This attention to "what guys want" is at the heart of the barbershop revival. "We came into this as consumers," says Portman. "I'm a guy. I don't need the scented candles." What guys do need, or at least what they want, is the banter, the teasing and the male camaraderie that was an integral part of the local barbershop experience years ago but gradually slipped away. Of course, it never disappeared from the African-American community, where barbershops have earned such a hallowed place in the culture that entire movie franchises and reality TV shows have been built around them. "Cutting Edge," a recent HBO documentary about a busy Harlem barbershop, opens with a description of old school neighborhood shops calling them: "the nexus of all black male life: young, old and everything in between. Everyone else is just now catching up. "I started noticing it about two years ago," says Ron Brown, owner of the Austin-based Roffler School of Hair Design. "Guys are just tired of going to salons-and I'm sure women are probably glad they're gone. Guys want to go back to where the men are."

For this particular journalist, it's been more than 20 years since my last trip to a barbershop, and I have fond, if distant, memories of spending those visits talking sports, in particular my beloved New York Mets. (My barber back then, Pete, was also a fan.) These days, I'm a borderline "metrosexual," and in the eight years since I moved back to New York after college, my hair has been handled only by stylish gay men for about $40 a cut. Maybe it was time to go back to the barbershop and see what I've been missing? On the way home from the office one evening, I took a detour to the Park Slope Barber Shop in Brooklyn. The place, a classic joint on 7th Avenue, is run by the Fiumefreddo brothers-three of them-and it has been in the family since 1948. Angelo, who cut my hair, has been there 25 years himself. "It's not so painful if you don't think about the numbers," he said as I settled into his chair. The shop is so old-school that the phone number listed on the business cards has only seven digits-no area code. Talk about a neighborhood establishment.

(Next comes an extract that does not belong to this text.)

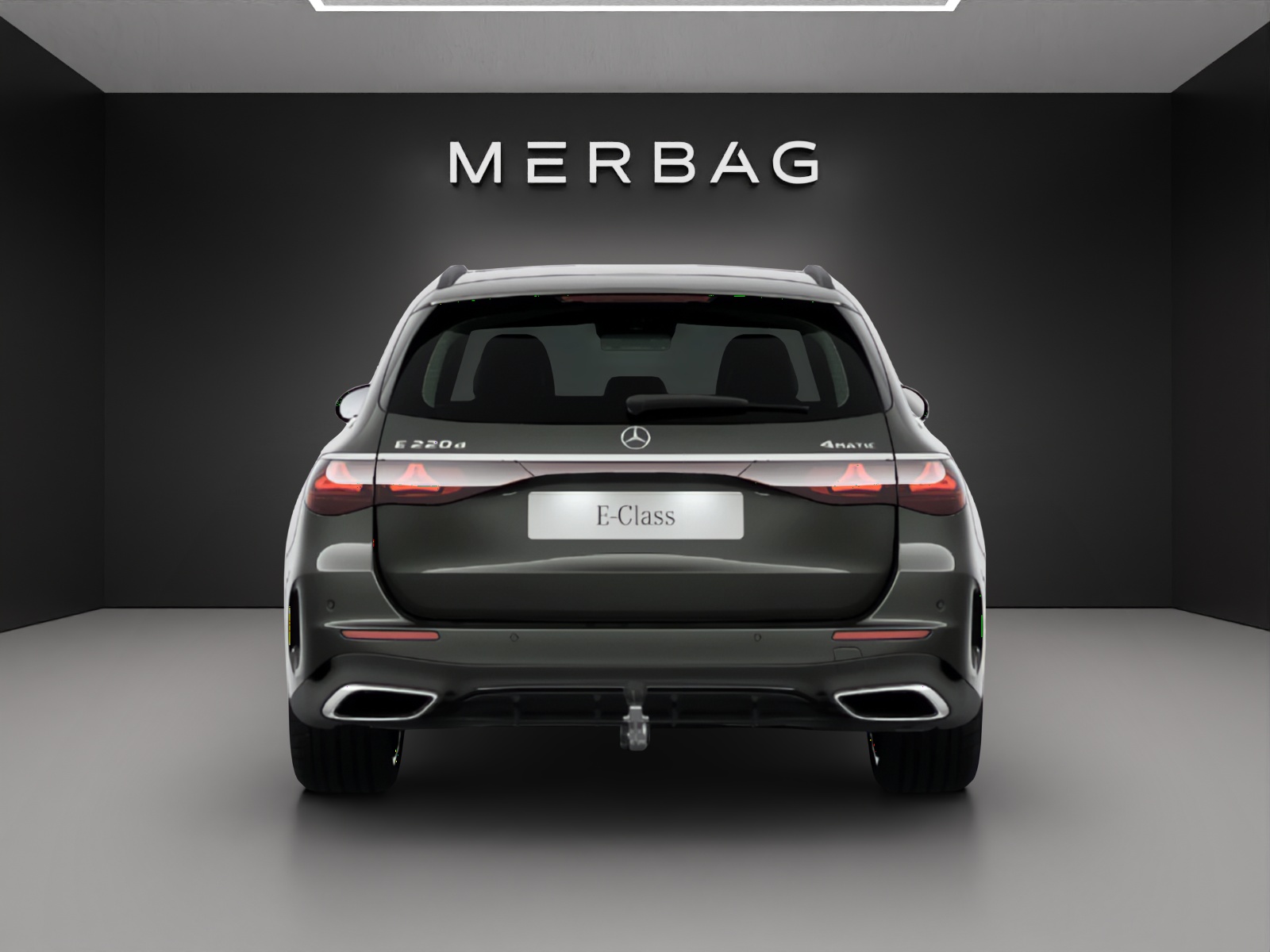 MERCEDES-BENZ E 220 d 4MATIC T-Modell - 4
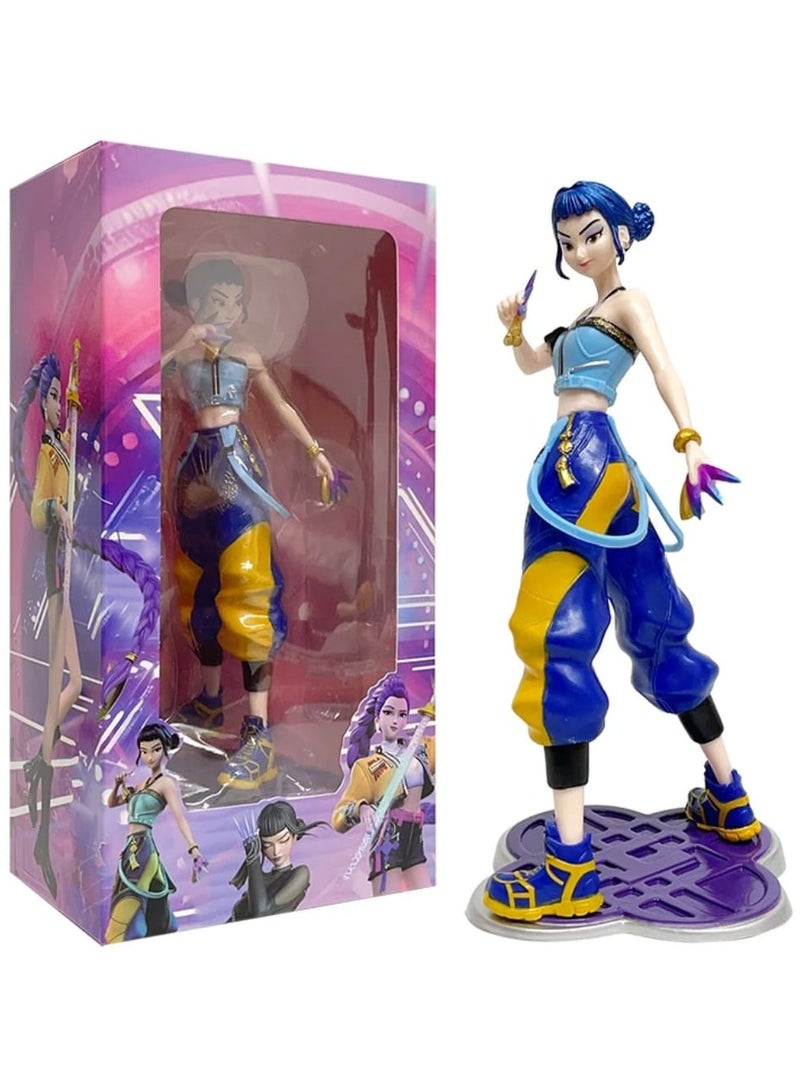 كيبوب مجموعة مجسمات شخصيات مسلسل صائدو الشياطين الكوري، قطعة ديكور منزلية، زينة مكتبية لمحبي المسلسل، قطعة واحدة - Image 1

I started to wince as the hair came off in bigger clumps than I'm accustomed to. But gradually, I settled down and took in the surroundings: Pictures of New York Yankee greats on every wall. A giant, vintage cash register in the back, still operational. Original leather barber chairs that came with the shop when it opened nearly a century ago. Eric Clapton and Eddie Money pouring in through crummy speakers, and the Fiumefreddo boys singing along to every song. Business, they agreed, has been good lately-better than a decade ago, though they're loath to guess why. Pretty soon, talk turned to baseball and I confessed my allegiance to the Mets. "Oh no," Angelo said with a smile. "Now I'm gonna have to mess up your hair." He let me off easy, though, and by the time I got up out of his chair, I was starting to rethink my allegiance to the pricier hair-stylists I've favored for so long. Then he said two words that sealed the deal: "Fifteen dollars." Fifteen ? Why did I ever stop going?